In light of our decision that Hayton's reliance was not justified, we need not reach the question whether Flint's representations are attributable to the bank. We observe, however, that the trial court erroneously concluded that Flint was the bank's agent, and his representations were therefore attributable to the bank. There is no finding of fact that Flint was the agent of the bank. The trial court *388 found no facts establishing the necessary elements to create an agency. The trial court simply entered as a conclusion of law, unsupported by facts found, that Flint was an agent of the bank for the purpose of representing to Hayton the legal effect of the documents.
As we said in Moss v.
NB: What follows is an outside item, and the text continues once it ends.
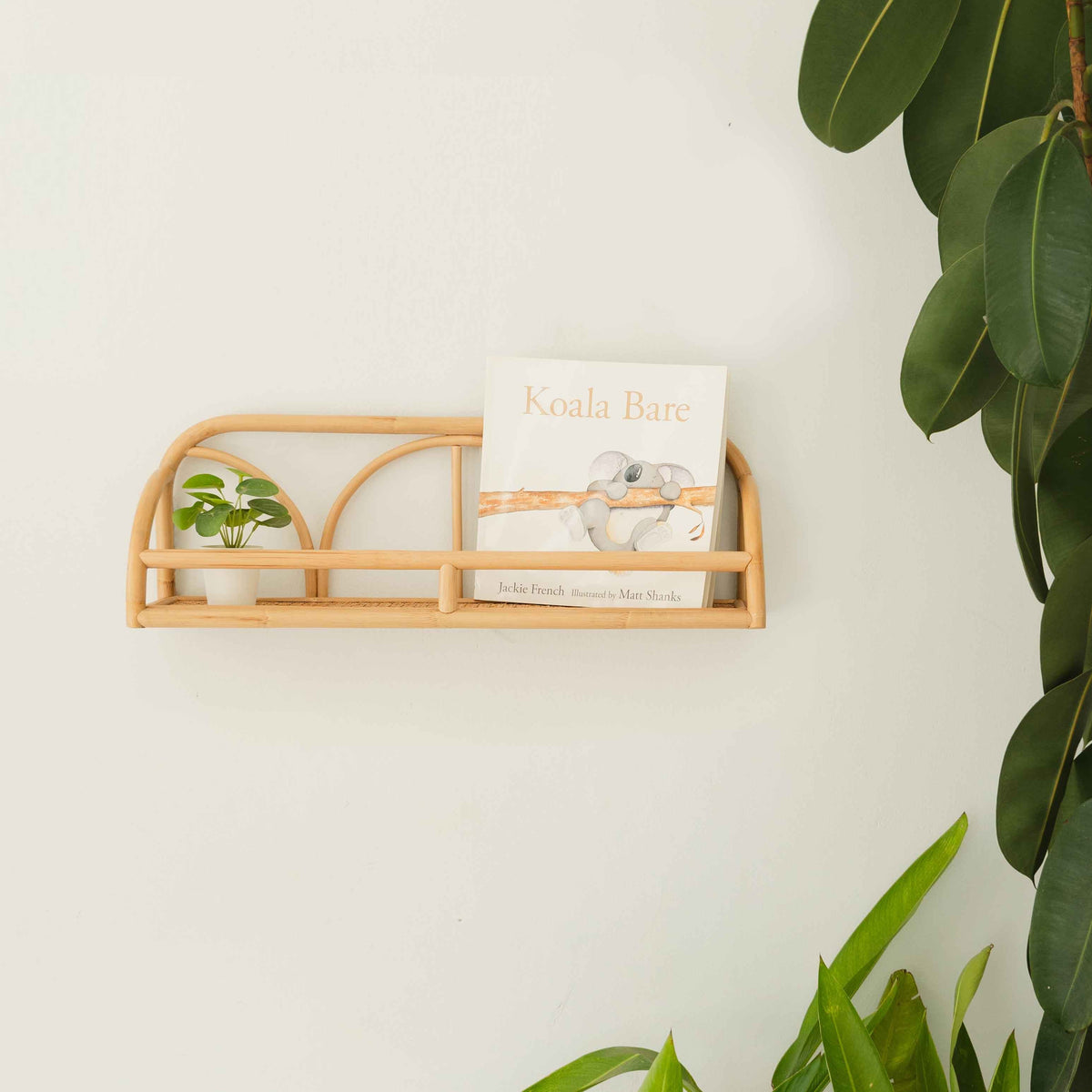 Eloise wall display shelf in natural rattan with arched rails and a front guard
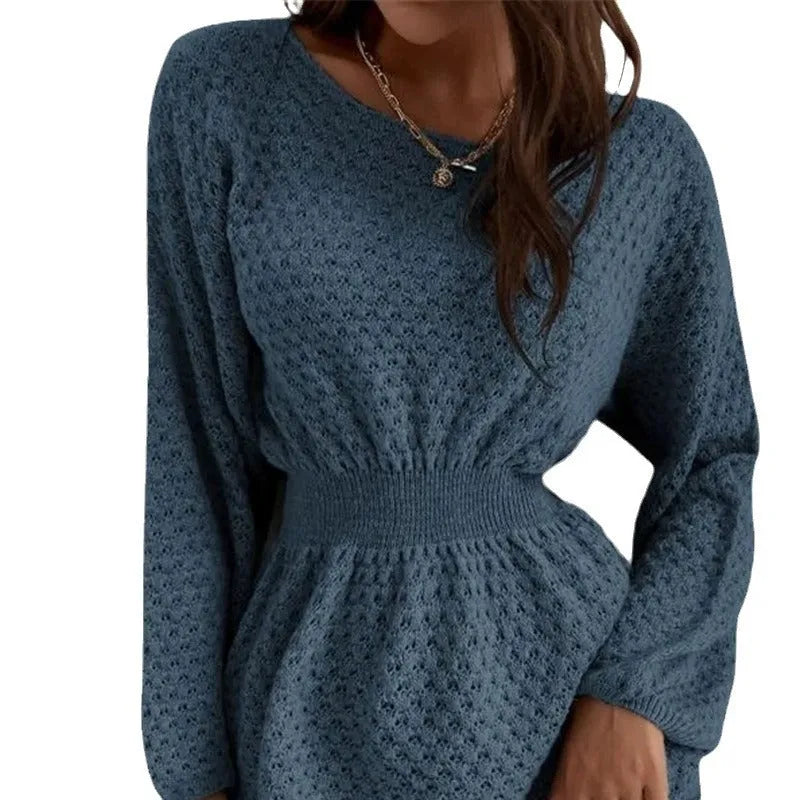 Blue women's knitted dress with hand-crocheted flowers, fitted waist, and loose round neck.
Vadman, 77 Wash. 2d 396, 402-03, 463 P.2d 159 (1969):
We have repeatedly held that a prerequisite of an agency is control of the agent by the principal....
... [A]n agency relationship results from the manifestation of consent by one person that another shall act on his behalf and subject to his control, with a correlative manifestation of consent by the other party to act on his behalf and subject to his control....
Consent and control are the essential elements of an agency....
(Citations omitted.)
This record is utterly devoid of evidence of consent and control. Hayton's brief cites no testimony, no exhibit, no finding, and no authority supporting the proposition that Flint was the bank's agent with actual authority. Moreover, Hayton cannot rely on apparent authority, since apparent authority depends upon the acts and conduct of the principal. Equico Lessors, Inc. v. Tow, 34 Wash. App. 333, 338, 661 P.2d 597 (1983). The bank (the "principal") had no contact of any kind with Hayton which would lead him to reasonably believe Flint had apparent authority to explain the legal effect of the documents. On this record, there is no basis to conclude Flint was the bank's agent.
The Court of Appeals erroneously held that Flint's representation is attributable to the bank because it can be considered to be a third party representation allowing avoidance if the other party (here, the bank) in good faith neither gave value nor changed its position in reliance on the contract nor was the cause of the misrepresentation being made. See Restatement (Second) of Contracts § 164(2) (1981); 12 W. Jaeger, Williston on Contracts § 1518, at 584 (3d ed. 1970). Flint was clearly a party to the transaction and the bank clearly gave value, the use of its *389 money, and would not have done so without Hayton's signature.
[3] Finally, we consider whether the false notarization renders the bank's mortgage lien upon Hayton's interest invalid. This court has long held that, generally, an unacknowledged deed or mortgage is good as between the parties. See, e.g., Anderson v. Thursday, Inc., 76 Wash. 2d 54, 58, 455 P.2d 932 (1969); Ockfen v. Ockfen, 35 Wash. 2d 439, 441, 213 P.2d 614 (1950); Bremner v. Shafer, 181 Wash. 376, 384, 43 P.2d 27 (1935). Therefore, the defect in the acknowledgment does not affect the enforceability of the mortgage between the parties. The fact that the acknowledgment of Hayton's signature was false does not prevent Skagit State Bank from enforcing the mortgage lien upon Hayton's one-third interest.
We therefore reverse.
PEARSON, C.J., and UTTER, DOLLIVER, DORE, ANDERSEN, CALLOW, GOODLOE, and DURHAM, JJ., concur.
Reconsideration denied January 7, 1988.